This is a question that we get often from clients and potential clients. What’s the fuss with the sequencing of these three words? After all, there will be an Extract (E) from the source system; the extracted data will undergo a Transformation (T) process; and all this will undergo a Load (L) process into the target system. So why does it matter if the L goes before the T? The answer lies in the setup of the infrastructure to accomplish this process.

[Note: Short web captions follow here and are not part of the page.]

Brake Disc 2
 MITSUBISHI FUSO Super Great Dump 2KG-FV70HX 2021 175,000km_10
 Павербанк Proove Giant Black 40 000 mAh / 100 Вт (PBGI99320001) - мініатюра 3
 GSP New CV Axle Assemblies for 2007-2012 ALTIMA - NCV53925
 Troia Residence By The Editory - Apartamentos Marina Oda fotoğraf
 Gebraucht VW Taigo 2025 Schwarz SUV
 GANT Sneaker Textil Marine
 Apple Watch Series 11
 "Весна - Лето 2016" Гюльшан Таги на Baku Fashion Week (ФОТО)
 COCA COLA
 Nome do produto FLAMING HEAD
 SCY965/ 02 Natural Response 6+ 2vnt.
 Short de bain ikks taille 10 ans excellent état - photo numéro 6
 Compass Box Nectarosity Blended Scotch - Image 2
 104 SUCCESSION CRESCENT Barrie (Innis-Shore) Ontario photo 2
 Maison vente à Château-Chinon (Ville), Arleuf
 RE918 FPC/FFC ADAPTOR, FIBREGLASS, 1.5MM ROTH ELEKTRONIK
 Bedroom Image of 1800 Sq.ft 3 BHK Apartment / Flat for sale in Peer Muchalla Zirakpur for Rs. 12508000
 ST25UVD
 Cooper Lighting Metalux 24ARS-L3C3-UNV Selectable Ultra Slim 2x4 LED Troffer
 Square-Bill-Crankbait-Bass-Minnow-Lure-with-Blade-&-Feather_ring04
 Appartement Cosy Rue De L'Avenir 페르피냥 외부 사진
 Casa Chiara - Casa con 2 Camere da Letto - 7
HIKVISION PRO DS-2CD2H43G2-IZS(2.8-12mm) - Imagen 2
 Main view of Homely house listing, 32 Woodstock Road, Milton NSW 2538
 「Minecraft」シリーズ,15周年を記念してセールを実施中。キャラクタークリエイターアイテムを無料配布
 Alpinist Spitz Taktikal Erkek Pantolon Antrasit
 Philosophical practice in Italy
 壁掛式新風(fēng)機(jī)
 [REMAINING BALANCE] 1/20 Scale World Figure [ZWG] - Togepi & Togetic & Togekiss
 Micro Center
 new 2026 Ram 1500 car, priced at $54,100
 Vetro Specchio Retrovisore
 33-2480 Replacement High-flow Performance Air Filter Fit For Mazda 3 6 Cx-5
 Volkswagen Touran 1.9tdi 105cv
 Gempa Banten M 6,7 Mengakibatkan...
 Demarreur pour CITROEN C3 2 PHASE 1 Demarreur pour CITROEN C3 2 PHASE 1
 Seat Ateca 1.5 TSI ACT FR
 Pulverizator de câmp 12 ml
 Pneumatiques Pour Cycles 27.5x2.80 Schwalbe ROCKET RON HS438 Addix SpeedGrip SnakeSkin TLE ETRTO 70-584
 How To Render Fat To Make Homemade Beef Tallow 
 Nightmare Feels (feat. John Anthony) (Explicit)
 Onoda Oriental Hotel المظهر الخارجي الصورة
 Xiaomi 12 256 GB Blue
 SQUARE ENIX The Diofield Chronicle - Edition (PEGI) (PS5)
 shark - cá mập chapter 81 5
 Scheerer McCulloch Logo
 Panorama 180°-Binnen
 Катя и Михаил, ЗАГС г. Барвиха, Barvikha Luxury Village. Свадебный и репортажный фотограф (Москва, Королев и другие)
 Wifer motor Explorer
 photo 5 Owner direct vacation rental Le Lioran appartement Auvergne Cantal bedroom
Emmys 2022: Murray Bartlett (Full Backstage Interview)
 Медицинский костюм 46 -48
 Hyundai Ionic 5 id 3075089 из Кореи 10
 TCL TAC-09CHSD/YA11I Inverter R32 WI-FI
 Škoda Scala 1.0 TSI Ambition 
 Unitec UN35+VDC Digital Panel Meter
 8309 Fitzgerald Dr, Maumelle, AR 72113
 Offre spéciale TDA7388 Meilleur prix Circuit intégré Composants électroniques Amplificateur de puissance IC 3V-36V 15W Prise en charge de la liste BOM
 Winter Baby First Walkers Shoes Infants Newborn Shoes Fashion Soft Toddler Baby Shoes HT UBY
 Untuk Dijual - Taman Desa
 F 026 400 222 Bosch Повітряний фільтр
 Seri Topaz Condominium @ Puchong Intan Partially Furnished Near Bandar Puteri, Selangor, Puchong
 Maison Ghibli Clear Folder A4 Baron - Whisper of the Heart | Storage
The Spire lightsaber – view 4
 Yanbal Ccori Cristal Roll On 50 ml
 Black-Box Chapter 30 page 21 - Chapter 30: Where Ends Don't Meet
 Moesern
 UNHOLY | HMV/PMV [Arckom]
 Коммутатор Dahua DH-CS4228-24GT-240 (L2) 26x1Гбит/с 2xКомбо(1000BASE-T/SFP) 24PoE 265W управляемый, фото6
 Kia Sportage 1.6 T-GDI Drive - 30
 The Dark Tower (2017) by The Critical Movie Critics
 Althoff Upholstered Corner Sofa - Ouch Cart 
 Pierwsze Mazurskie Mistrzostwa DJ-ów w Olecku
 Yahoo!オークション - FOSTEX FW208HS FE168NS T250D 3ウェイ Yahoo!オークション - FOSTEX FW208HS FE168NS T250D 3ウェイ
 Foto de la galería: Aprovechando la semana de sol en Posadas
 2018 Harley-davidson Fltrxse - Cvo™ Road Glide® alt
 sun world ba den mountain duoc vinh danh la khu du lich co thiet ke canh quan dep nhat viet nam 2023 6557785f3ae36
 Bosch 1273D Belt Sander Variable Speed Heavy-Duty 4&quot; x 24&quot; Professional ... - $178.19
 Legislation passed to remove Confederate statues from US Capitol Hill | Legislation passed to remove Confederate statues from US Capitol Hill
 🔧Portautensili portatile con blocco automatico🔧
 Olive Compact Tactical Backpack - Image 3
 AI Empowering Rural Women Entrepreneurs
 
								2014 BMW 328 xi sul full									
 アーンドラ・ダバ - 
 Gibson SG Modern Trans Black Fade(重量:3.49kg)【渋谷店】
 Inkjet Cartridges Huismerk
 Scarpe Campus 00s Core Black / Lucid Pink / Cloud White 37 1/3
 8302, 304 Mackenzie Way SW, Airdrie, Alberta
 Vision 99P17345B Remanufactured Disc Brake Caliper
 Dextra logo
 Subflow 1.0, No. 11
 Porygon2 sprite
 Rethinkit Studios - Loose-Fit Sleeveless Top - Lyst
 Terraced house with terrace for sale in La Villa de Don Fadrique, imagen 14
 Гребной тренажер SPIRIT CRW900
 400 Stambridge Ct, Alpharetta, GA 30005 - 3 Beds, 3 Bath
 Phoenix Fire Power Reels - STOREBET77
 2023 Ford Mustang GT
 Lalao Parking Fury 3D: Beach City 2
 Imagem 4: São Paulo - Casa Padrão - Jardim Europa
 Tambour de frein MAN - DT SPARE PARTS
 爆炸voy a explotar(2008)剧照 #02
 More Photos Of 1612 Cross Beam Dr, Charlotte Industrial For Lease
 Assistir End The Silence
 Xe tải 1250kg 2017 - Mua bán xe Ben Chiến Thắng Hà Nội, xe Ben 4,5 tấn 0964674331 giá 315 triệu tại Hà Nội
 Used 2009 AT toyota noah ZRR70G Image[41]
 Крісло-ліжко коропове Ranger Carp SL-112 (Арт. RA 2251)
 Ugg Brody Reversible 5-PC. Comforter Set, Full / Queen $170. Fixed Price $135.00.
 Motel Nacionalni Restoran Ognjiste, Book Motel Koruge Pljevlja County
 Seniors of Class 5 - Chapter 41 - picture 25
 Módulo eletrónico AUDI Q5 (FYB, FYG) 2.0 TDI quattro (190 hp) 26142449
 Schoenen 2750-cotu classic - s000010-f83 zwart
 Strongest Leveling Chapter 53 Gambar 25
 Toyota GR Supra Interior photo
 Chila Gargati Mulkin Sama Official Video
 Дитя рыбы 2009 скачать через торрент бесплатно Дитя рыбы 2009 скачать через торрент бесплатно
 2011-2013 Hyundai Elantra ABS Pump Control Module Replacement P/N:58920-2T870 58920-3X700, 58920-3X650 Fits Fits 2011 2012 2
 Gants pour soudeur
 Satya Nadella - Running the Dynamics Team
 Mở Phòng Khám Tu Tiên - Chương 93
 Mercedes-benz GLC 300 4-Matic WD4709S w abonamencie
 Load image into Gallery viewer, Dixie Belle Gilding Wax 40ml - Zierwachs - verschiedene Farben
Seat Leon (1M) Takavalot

In a typical reporting system implementation, the source system is built before the reporting solution. As a result, the source system is optimized to perform the tasks it was meant to, and not much else. This is mainly because either reporting requirements were not considered at the time of system creation, or the requirements didn’t evolve enough to build out the reporting system. Examples of such source systems are Customer Relationship Management (CRM), or transactional systems (OLTP). So, in other words, when a new system is added to the environment, the source system cannot be touched, lest the entire environment ends up rebuilt from scratch. As a result, the reporting or analysis system is an add-on, with no load added to the source system. Tools like Oracle Golden Gate are popular in the extraction stage for this kind of traditional environment, since they essentially read the log files of the source system to glean the data that is to be extracted, thus putting no load on the source system whatsoever.
Until a few years ago, it was normal to stage the data into an intermediate system, before it was pushed into the target. This was simply because the target could not be taken offline to perform the load, or because the target system was better optimized to retrieve and report (and did not have the resources to perform hard crunching of numbers or data). As a result, the intermediate stage would be optimized to perform calculations and transformations on the data, which lead to the stage being called ‘Transform,’ since the data underwent a transformation. This approach also kept the target reporting system independent of the implementation method during the transform stage. As a result, many organizations implemented three separate systems to satisfy the requirements of each of the stages, usually requiring separate hardware each. This is the typical ETL – Extraction, Transformation, and Loading – system.
More recently, computing hardware systems have become more capable. And since database software (DBMS or database management systems) are now more powerful, often working in concert with purpose-built machines like Oracle’s Exadata. As a result, systems that perform reporting can now also perform data calculations. In some cases, the design of the transformational technology ties closely into the technology or platform used for reporting. For example, software like Financial Data Quality Management Enterprise Edition (FDMEE) ties into Enterprise Performance Management (EPM) applications closely, because they are often built on the same system, and are integral to the solution. In this case, the ‘Load’ is performed into the target system before the data undergoes ‘Transform’ on the same system for reporting. Among other things, this allows the reporting applications to drill-back into the source system, allowing a data point to be traced all the way back to the source transactions that created it.
So then is the difference between ETL and ELT purely semantics? Not necessarily so. It is more of a rethinking of the approach taken to transferring transaction data into reporting systems, to take advantage of changes in technology. And along the way, it has enhanced the reporting solution with added value like tracing of data points. Traditional ETL was only one way – transactional system to reporting. With ELT, it is possible to trace-back from the reporting to transactional systems as needed, while retaining the original requirement of the reporting system not adding a load onto the transactional system.
Author: Andy Tauro, Performance Architects